TASK OBJECTIVE: Omit all images, then repeat exactly the lines below from the one containing "Польша 10 злотых" through the one containing "Blue ruffle sleeve blouse", both ends included.

Stored items
☆ ☆ ☆ ☆ ☆ ☆ ☆
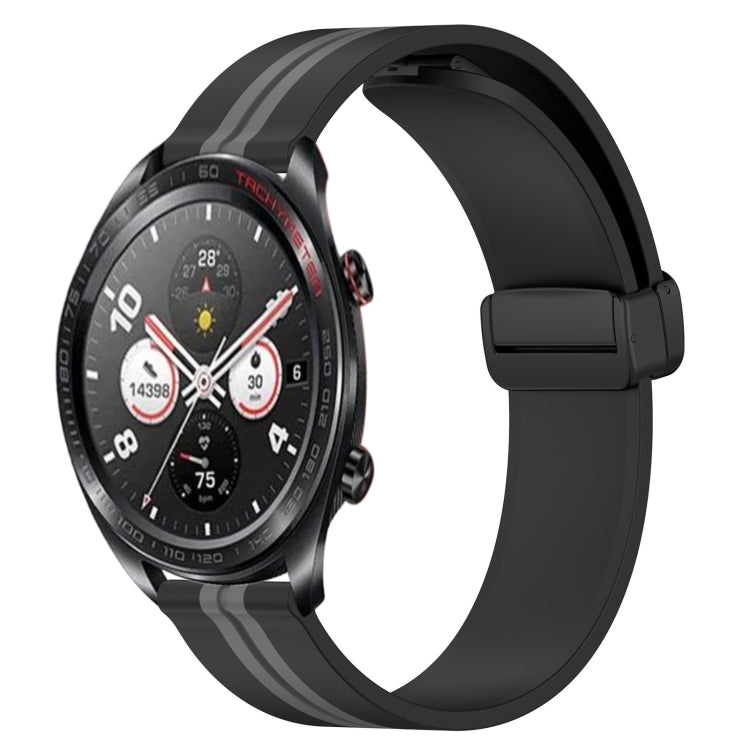 22mm Folding Magnetic Clasp Silicone Watch Band, For Honor Watch GS 3, For Honor Watch GS Pro, For Honor Magic Watch 2 46mm, For Honor Watch Dream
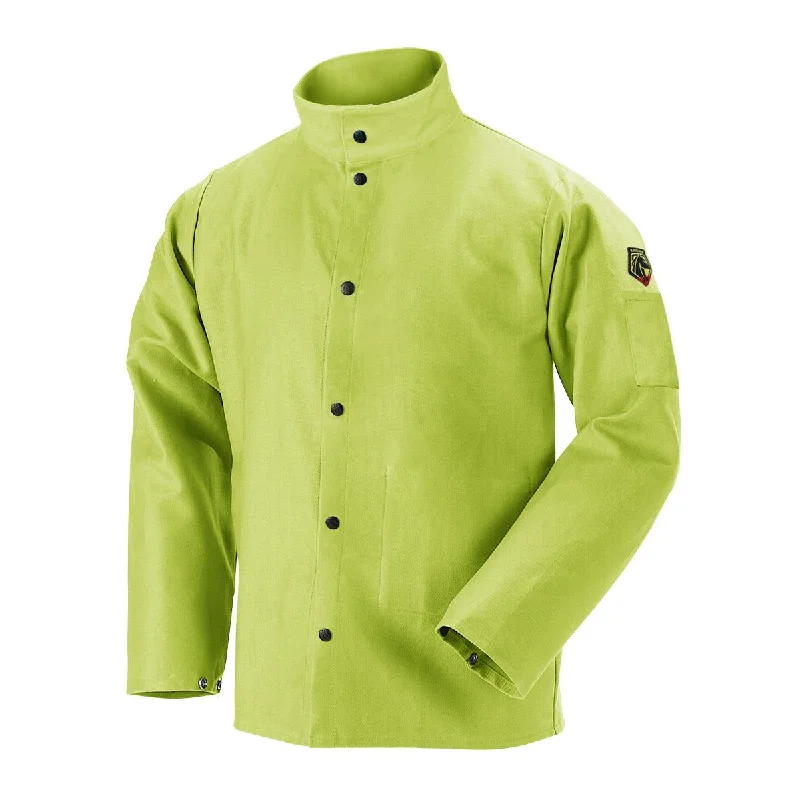 Women's cropped leather jackets with a fringe detail for a western - inspired outfitBlack Stallion TruGuard 200 FR Cotton Welding Jacket, Lime - FL9-30C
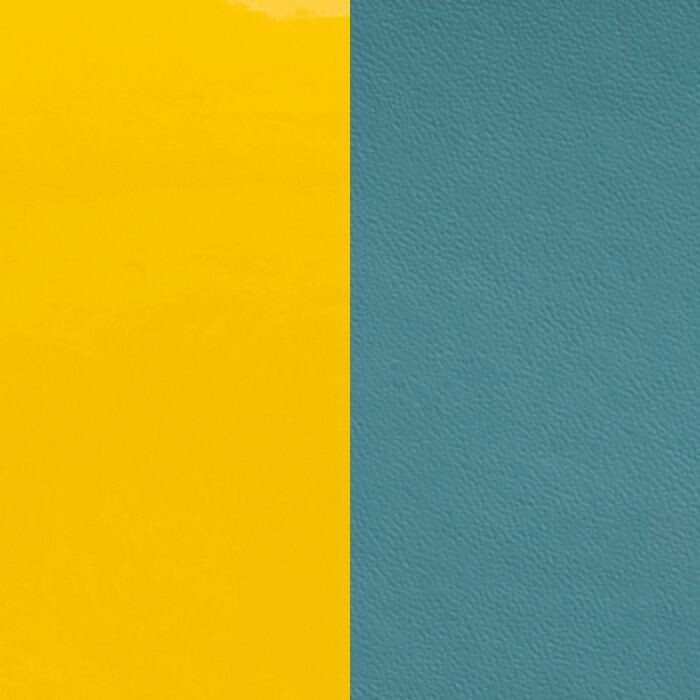 Cuir pour manchette Les Georgettes jaune vernis / bleu basalte, 40mm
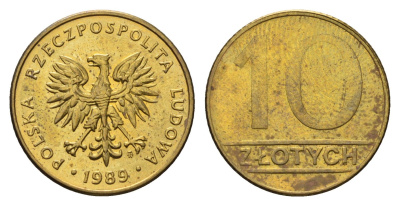 Польша 10 злотых 1989 Y 152.2 латунь UNC 3336-751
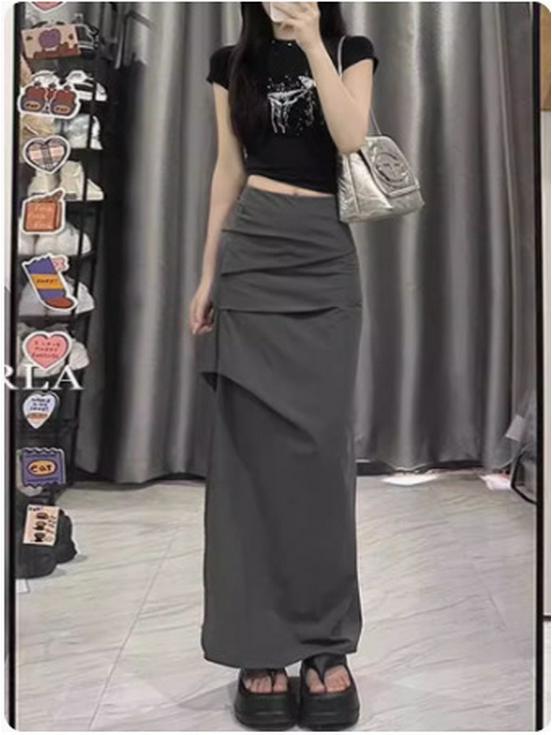 Women s Retro High-Waist Pleated Slit Skirt - Slimming, Quick-Drying Winter Design Small серый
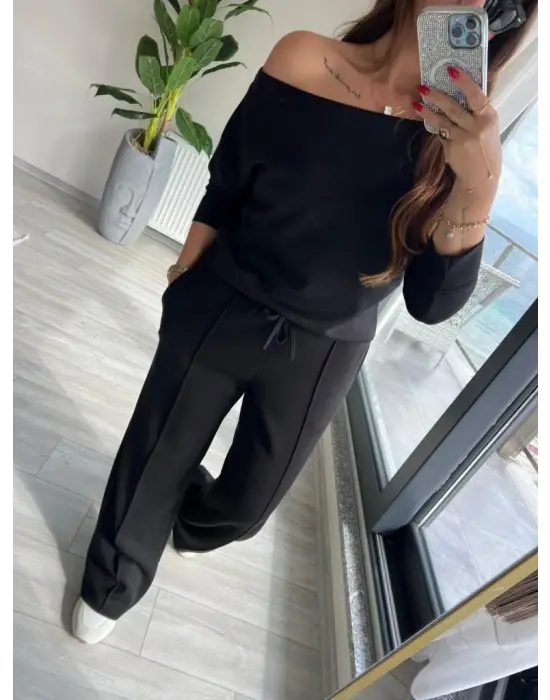Kadın Uzun Kollu Tek Omuzdan Açık Modal Bluz Ve Pantolon Ikili Takım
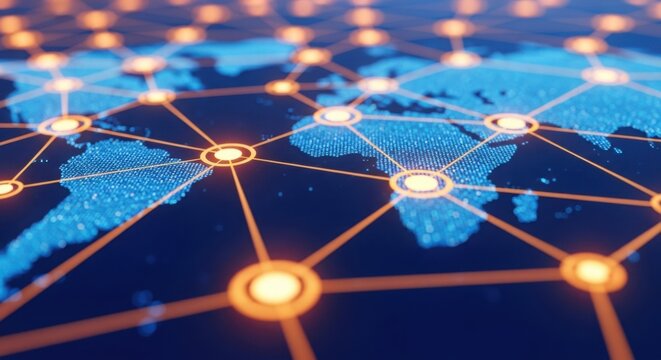 Global digital network concept with glowing connections over a pixelated world map. - Powered by Adobe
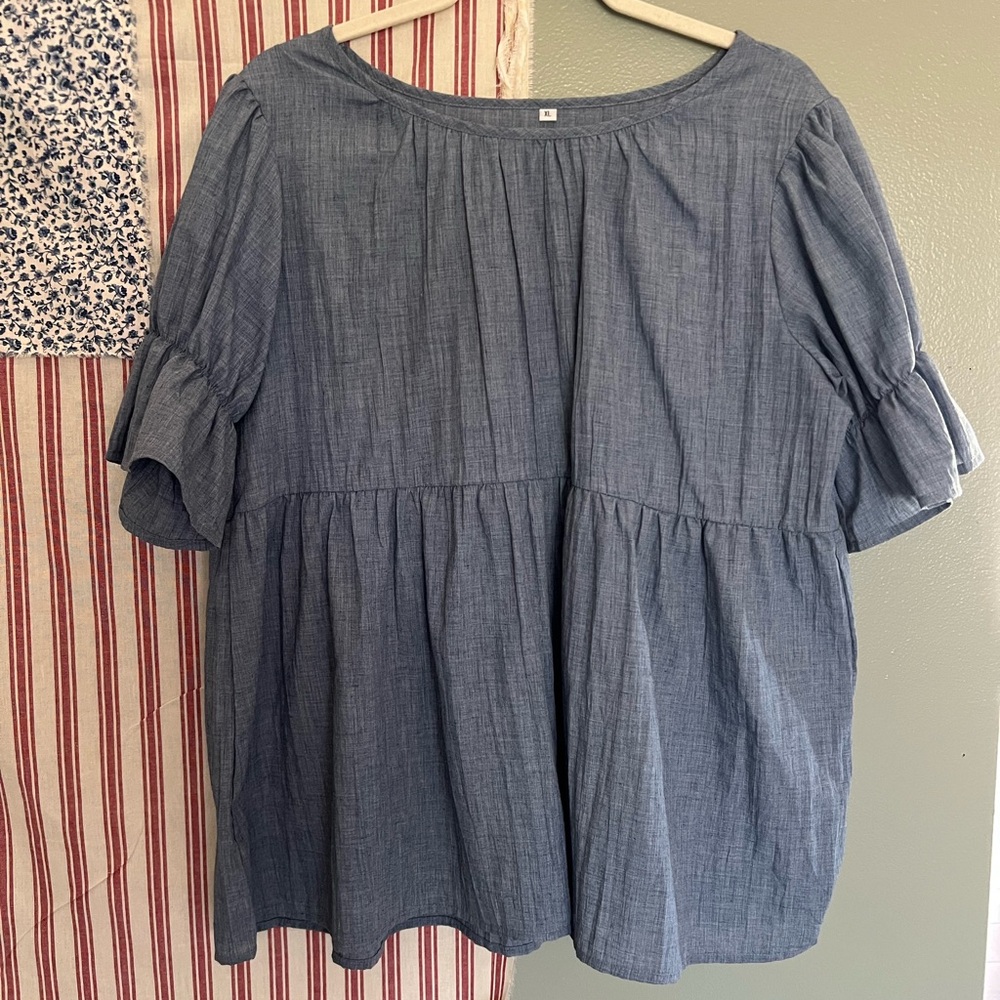 Blue ruffle sleeve blouse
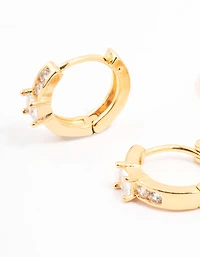 Gold Plated Cubic Zirconia & Freshwater Pearl Huggie Earrings 2-Pack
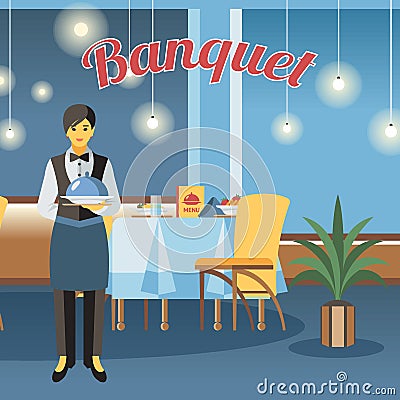 Banquet hall, room flat vector illustration Vector Illustration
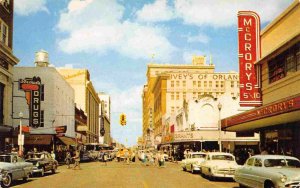 Street Scene Downtown McCrorys Strouds Drug Store Orlando  Florida 50s postcard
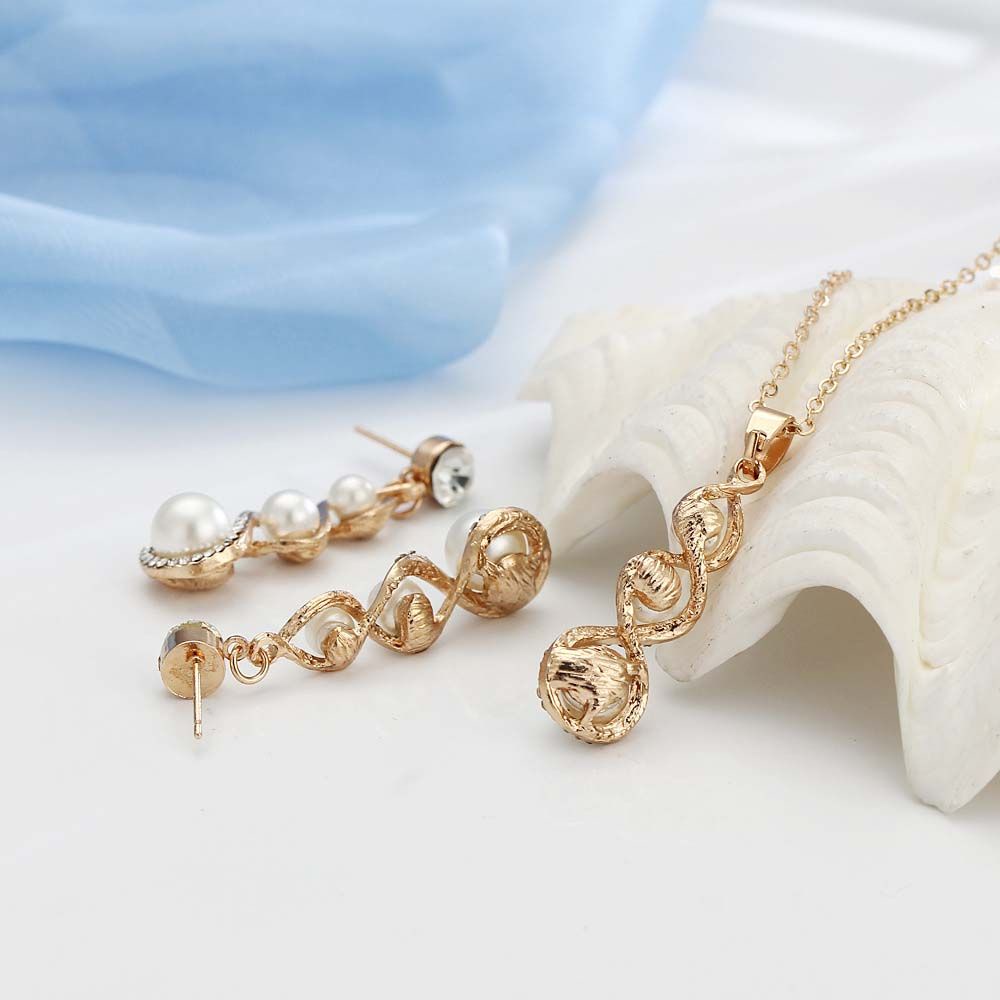 Bộ Vòng cổ + Bông Tai Hình Giọt Nước Đính Ngọc Trai Giả Sang Trọng Nhiều Màu Chất Lượng Cao Cho Nữ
☆ ☆ ☆ ☆ ☆ ☆ ☆
ANSWER TO THIS PROBLEM:
 Польша 10 злотых 1989 Y 152.2 латунь UNC 3336-751
 Women s Retro High-Waist Pleated Slit Skirt - Slimming, Quick-Drying Winter Design Small серый
Kadın Uzun Kollu Tek Omuzdan Açık Modal Bluz Ve Pantolon Ikili Takım
 Global digital network concept with glowing connections over a pixelated world map. - Powered by Adobe
 Blue ruffle sleeve blouse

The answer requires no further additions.